### WORK ITEM
From the entries below, please output exactly the lines starting at the one containing "Womens Top End" and ending at the one containing "RI license plate 813587", both included.

### DATA EXCERPTS
━━━━━━

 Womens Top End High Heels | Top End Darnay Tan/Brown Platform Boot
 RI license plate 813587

━━━━━━

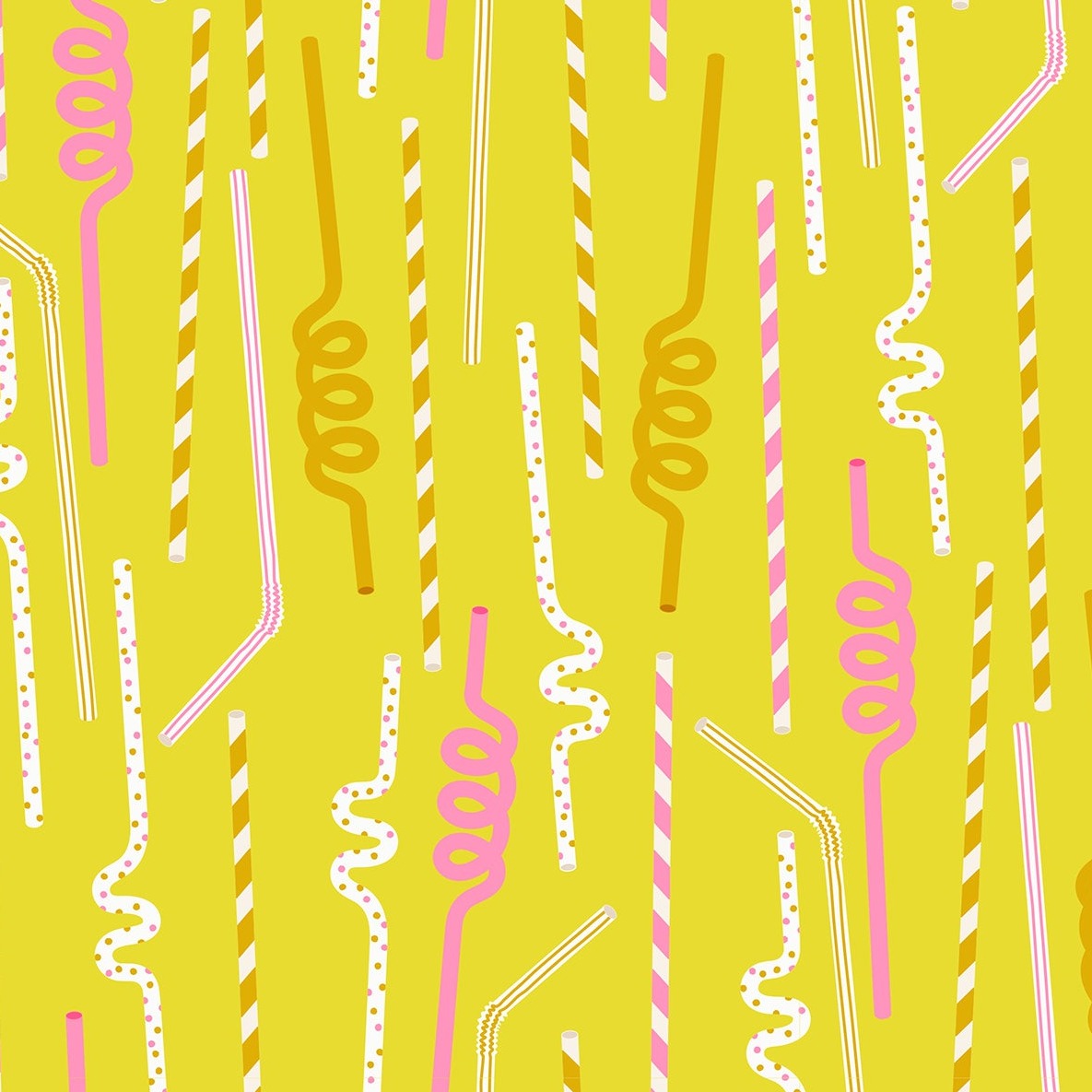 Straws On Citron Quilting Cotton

━━━━━━

### WRITTEN RESPONSE
 Womens Top End High Heels | Top End Darnay Tan/Brown Platform Boot
 RI license plate 813587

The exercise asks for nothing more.